Verena sintió de repente una punzada de culpa y se quedó en silencio. Se limpió la sangre de la nariz con un pañuelo y miró a Colby, indicándole que sacara a Emma de allí.
A pesar de todo, Colby no pudo evitar sentir una sensación de satisfacción al ver a Emma golpear a Verena. Sin embargo, sabía que tenía que intervenir para evitar que la situación se agravara aún más. La ira descontrolada y sin límites de Emma podía tener consecuencias irreversibles. Agarró a Emma por el brazo y la apartó.
«Ya basta, Emma.
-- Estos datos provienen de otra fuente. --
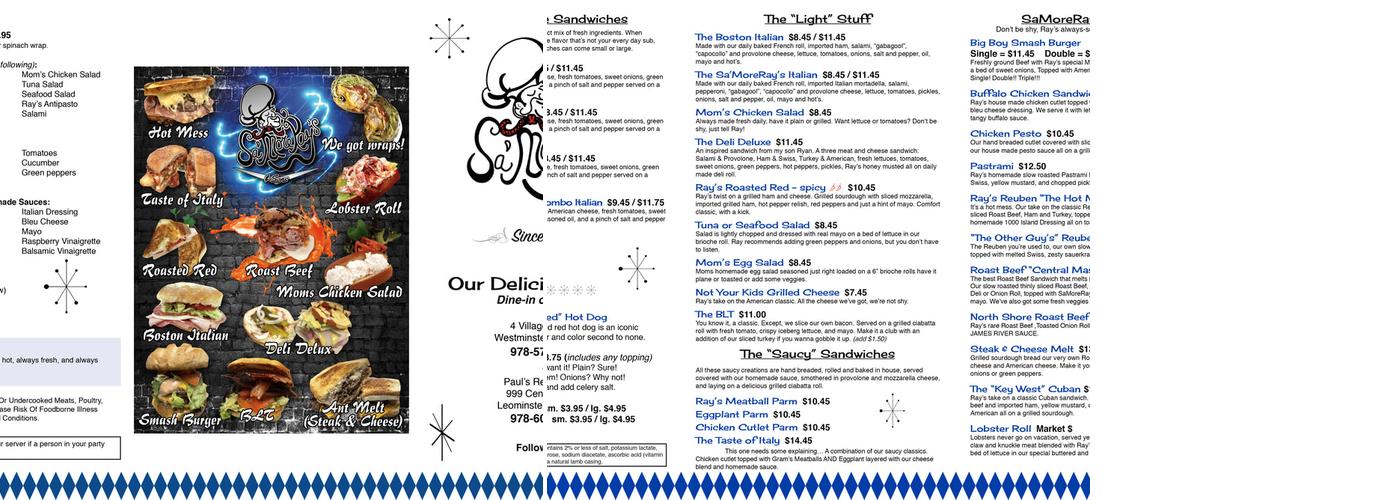 S'amoreRay's and Son's Menu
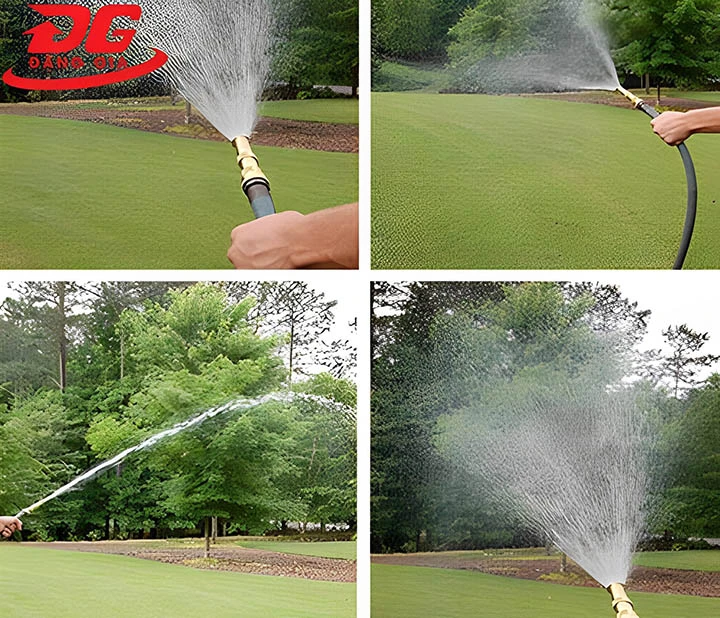 Đầu vòi xịt tăng áp lực giúp điều chỉnh tia nước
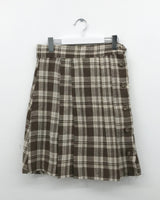 Grunge Button-Up Checkered Skirt (2 Colors)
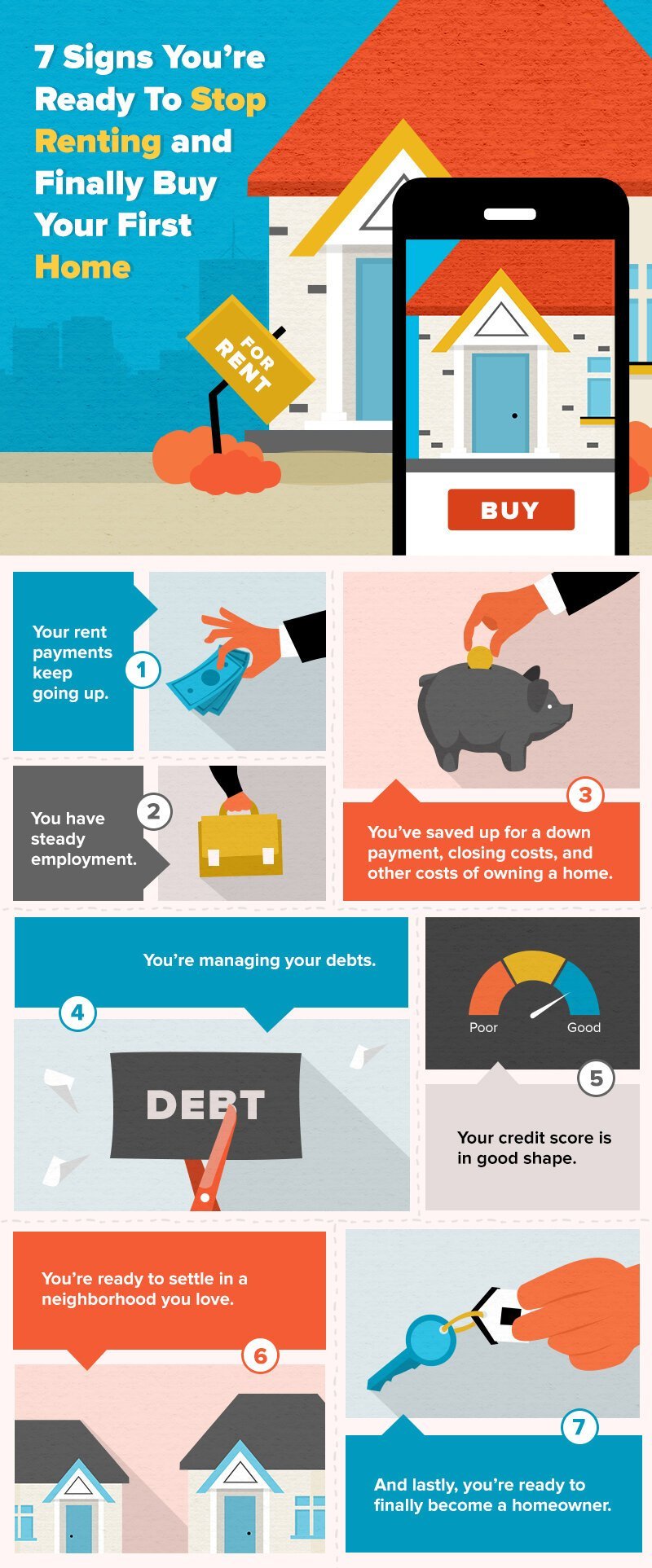 7 Signs You're Ready To Stop Renting and Finally Buy Your First Home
Te llevaré a casa».
«Esto no ha terminado. Ella quiere llamar a la policía, ¿verdad? Que lo haga». Emma se soltó de su mano, se arremangó y se dirigió de nuevo hacia Verena.
Los ojos de Verena se abrieron con miedo palpable y soltó un grito desesperado. «¿No vas a detenerla? ¿Quieres que me mate?».
Aunque Verena podía vociferar y amenazar, no era rival física para Emma, que estaba impulsada por la ira y no tenía nada que perder.
Emma se abalanzó sobre ella, agarrándola por el cuello y levantando la mano para golpearla. En ese momento crítico, Colby intervino.
Tiró de Emma hacia atrás y la rodeó con sus brazos por detrás.
«¡Suéltame!», Emma se debatió con fuerza entre sus brazos.